Schon 1963 wird er von Miles Davis engagiert, der sich in einer musikalischen Krise befindet und musikalisches Neuland betreten mochte. Im Quintett mit Hancock, Wayne Shorter, Ron Carter und Tony Williams gelingt dies. Seine Musik wird risikofreudiger, nähert sich, als die Band sich 1968 auflöst, dem Rock. 1967 schließt Hancock das E-Piano ins Herz. „Herbie war wie ein Schwamm”, so Miles, „er sog alles auf.” Bei Elektrischem fühlte er sich „von Anfang an wohl wie ein Fisch im Wasser”. Kein Wunder, um ein Haar wäre er auch nicht Musiker, sondern Maschinenbauer geworden.

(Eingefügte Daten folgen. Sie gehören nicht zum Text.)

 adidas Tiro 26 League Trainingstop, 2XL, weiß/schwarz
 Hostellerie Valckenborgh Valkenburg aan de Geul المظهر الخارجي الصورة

Bei der Vermählung von Jazz und Rock springt Hancock nicht etwa auf einen modischen Zug auf, er wird ein Lokführer, einer der wichtigsten Fusionierer der Jazzgeschichte. 1973 ist Hancock so berühmt, dass Davis die Vorgruppe bestreitet und nennt sich „Mwandishi”, auf Suaheli Komponist. Seither fährt Hancock zweigleisig, bedient Pop- und Jazzfans mit unterschiedlichen Projekten. Doch Miles wirft lange Schatten. Hancocks 1976 gegründete Band V.S.O.P. ist das alte Miles Davis Quintet, nur dass Freddie Hubbard Davis ersetzt. Im Quartett des Jahres 1981 übernimmt Newcomer Wynton Marsalis die Miles-Rolle und in den 90-ern tourt Herbie mit „Tribute To Miles”, wiederum dem alten Davis Quintet mit Wallace Roney in den milesischen Fußstapfen.

Damals gesteht Herbie in einem Interview, dass es sehr frustrierend sei, sich überhaupt mit der Musik einzulassen: „Keiner kann sicher sein, dass er heute abend gut genug spielen wird. Und ein schlechter Abend kann dich kaputt machen.” Auch die Werke der letzten Jahre – ob das in Zusammenarbeit mit einem Riesenstaraufgebot an Popsängern und Rockgrößen erarbeitete „Possibilities“ (2005) oder das ganz um das Opus Joni Mitchells kreisende „River“ (2007) – lassen nicht vermuten, dass irgend etwas unser Chamäleon wirklich kaputt machen könnte.

Die schöpferische Goldader des ewig Junggebliebenen scheint auch mit 70 noch lange nicht erschöpft.